TASK GOAL
Word for word, restate the lines from the start of the data down to the line with "Image 2 of 41: Front of Structure", both included.

Collection entries:
= Beginning of Section =
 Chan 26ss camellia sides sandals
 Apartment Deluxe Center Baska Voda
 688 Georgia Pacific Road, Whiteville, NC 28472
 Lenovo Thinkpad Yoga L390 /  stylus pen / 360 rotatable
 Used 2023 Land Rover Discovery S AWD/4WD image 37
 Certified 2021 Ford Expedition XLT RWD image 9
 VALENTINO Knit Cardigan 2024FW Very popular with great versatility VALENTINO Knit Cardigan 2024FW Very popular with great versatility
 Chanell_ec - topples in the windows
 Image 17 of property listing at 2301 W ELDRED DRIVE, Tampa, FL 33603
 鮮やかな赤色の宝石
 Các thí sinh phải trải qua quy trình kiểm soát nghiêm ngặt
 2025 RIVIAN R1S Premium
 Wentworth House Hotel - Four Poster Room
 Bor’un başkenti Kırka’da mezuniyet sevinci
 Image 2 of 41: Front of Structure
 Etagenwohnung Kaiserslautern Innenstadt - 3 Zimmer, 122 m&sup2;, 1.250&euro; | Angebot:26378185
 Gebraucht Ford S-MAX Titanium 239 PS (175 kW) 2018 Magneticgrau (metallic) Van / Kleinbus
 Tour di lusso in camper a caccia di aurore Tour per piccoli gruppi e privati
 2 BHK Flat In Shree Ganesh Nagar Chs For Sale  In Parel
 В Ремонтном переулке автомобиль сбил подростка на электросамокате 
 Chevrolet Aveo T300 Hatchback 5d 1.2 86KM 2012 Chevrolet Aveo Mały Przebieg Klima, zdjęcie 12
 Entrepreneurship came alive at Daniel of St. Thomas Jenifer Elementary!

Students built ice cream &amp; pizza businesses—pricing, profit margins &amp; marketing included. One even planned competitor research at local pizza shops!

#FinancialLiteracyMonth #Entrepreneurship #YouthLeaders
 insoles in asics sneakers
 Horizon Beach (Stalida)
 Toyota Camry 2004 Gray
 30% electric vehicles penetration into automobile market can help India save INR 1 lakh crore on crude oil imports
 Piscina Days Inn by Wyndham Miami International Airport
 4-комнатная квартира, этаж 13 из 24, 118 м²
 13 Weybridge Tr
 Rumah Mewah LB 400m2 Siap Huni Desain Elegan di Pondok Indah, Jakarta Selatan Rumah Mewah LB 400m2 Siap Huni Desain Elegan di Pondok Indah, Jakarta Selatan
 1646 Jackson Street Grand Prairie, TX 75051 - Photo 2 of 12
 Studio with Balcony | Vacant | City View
= End of Section =
REPLY TO THE TASK
 Chan 26ss camellia sides sandals
 Apartment Deluxe Center Baska Voda
 688 Georgia Pacific Road, Whiteville, NC 28472
 Lenovo Thinkpad Yoga L390 /  stylus pen / 360 rotatable
 Used 2023 Land Rover Discovery S AWD/4WD image 37
 Certified 2021 Ford Expedition XLT RWD image 9
 VALENTINO Knit Cardigan 2024FW Very popular with great versatility VALENTINO Knit Cardigan 2024FW Very popular with great versatility
 Chanell_ec - topples in the windows
 Image 17 of property listing at 2301 W ELDRED DRIVE, Tampa, FL 33603
 鮮やかな赤色の宝石
 Các thí sinh phải trải qua quy trình kiểm soát nghiêm ngặt
 2025 RIVIAN R1S Premium
 Wentworth House Hotel - Four Poster Room
 Bor’un başkenti Kırka’da mezuniyet sevinci
 Image 2 of 41: Front of Structure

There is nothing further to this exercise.